■ What the task requires
The whole listing is to be restated word for word with no images.
*** Opening of Data provided ***
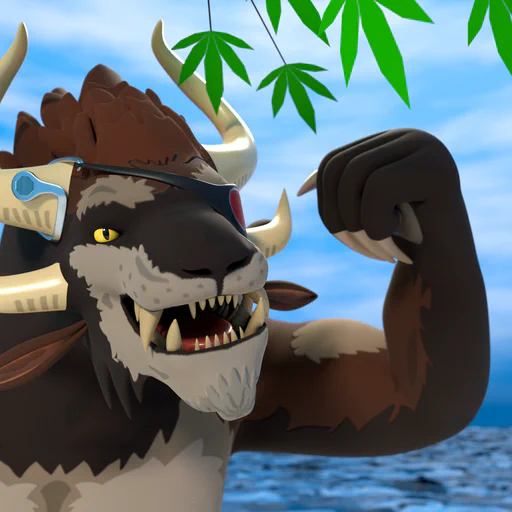3D close-up render of a male charr with brown fur and a red eye patch, smiling at the viewer and flexing his biceps. 

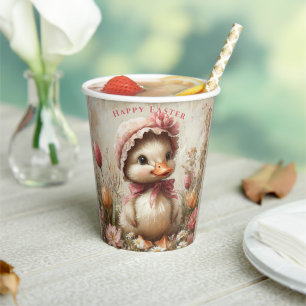 Duckling Easter Pink Bonnet Tulips Daisies Paper Cups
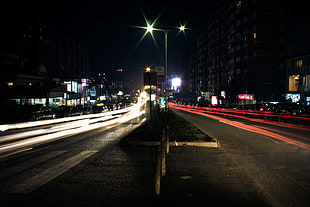 time lapse photo of road, road, long exposure HD wallpaper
*** Close of Data provided ***
■ Response
3D close-up render of a male charr with brown fur and a red eye patch, smiling at the viewer and flexing his biceps. 

 Duckling Easter Pink Bonnet Tulips Daisies Paper Cups
 time lapse photo of road, road, long exposure HD wallpaper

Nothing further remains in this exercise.